CE: Tomando en cuenta que ya sus primeros libros fueron acogidos con una
total indiferencia, ¿cuáles fueron los estímulos que lo animaron a ser
escribiendo?
LGV: Esto pudiera ser una pregunta
difícil, una pregunta de los cincuenta millones, si se la formulara a un
escritor de desenvolvimiento normal, pero como, al contrario, no he tenido un
desenvolvimiento normal (y, por supuesto, no me enorgullezco de esto, sino al
contrario, lo lamento y siempre lo he lamentado), para mí responder a tu
pregunta es lo más fácil que pueda haber.
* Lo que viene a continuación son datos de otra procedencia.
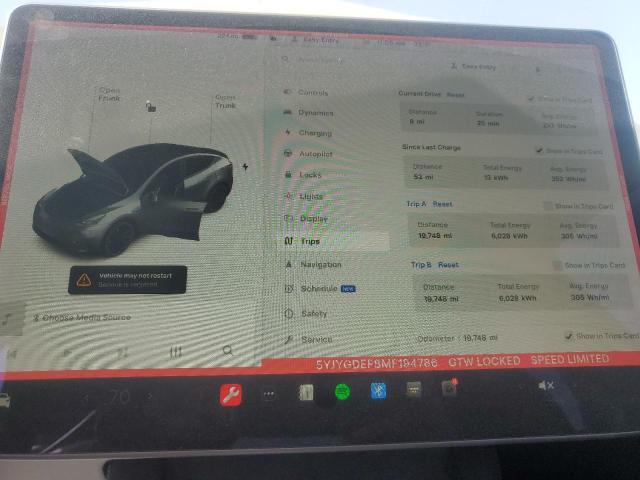 Photo 9 from auction – 2021 TESLA MODEL Y with VIN 5YJYGDEF8MF194786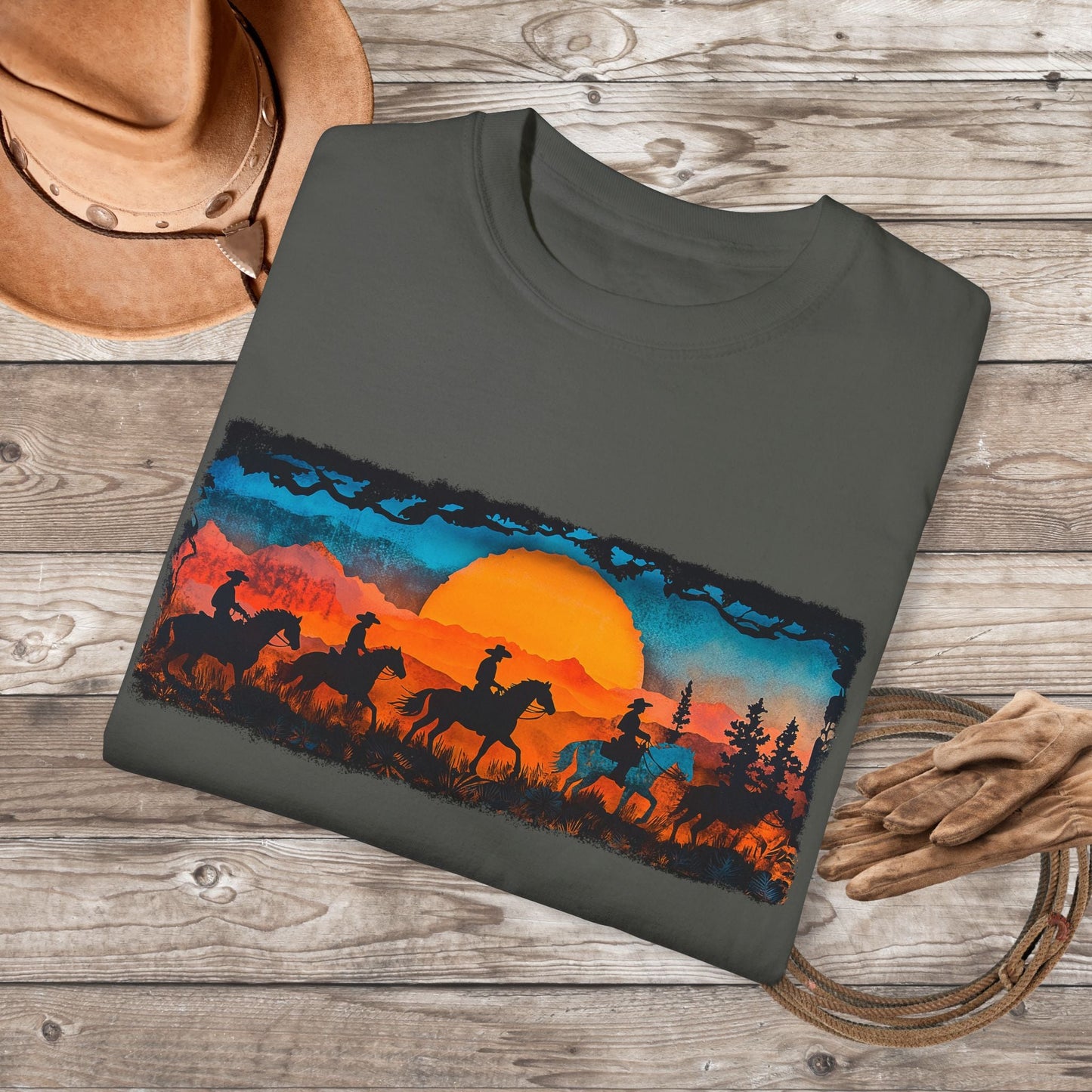 Horseback Trail Riding Shirt, Natural Dyed T-shirt, Rustic Country Life Shirt Casual Wear Gifft - FlooredByArt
Pues bien, volviendo a aclararte las
cosas, te diré que, al saber desde un principio que yo pertenecía a un país
donde el escritor era el ser menos leído del mundo, no tuve ningún problema en
asumir esa vocación de escritor no-escritor de la cual ya te empecé a hablar en
el epígrafe anterior. Sí, en efecto, yo, cuando llegué ya a los veinte años,
supe que tenía que arreglar mi vida para afrontar un destino de escritor
no-leído, y créeme, Carlos, a pesar de que me quejo (¡y como no me iba a
quejar!, sería un idiota si no lo hubiera hecho), aquello no dejó de ser lindo.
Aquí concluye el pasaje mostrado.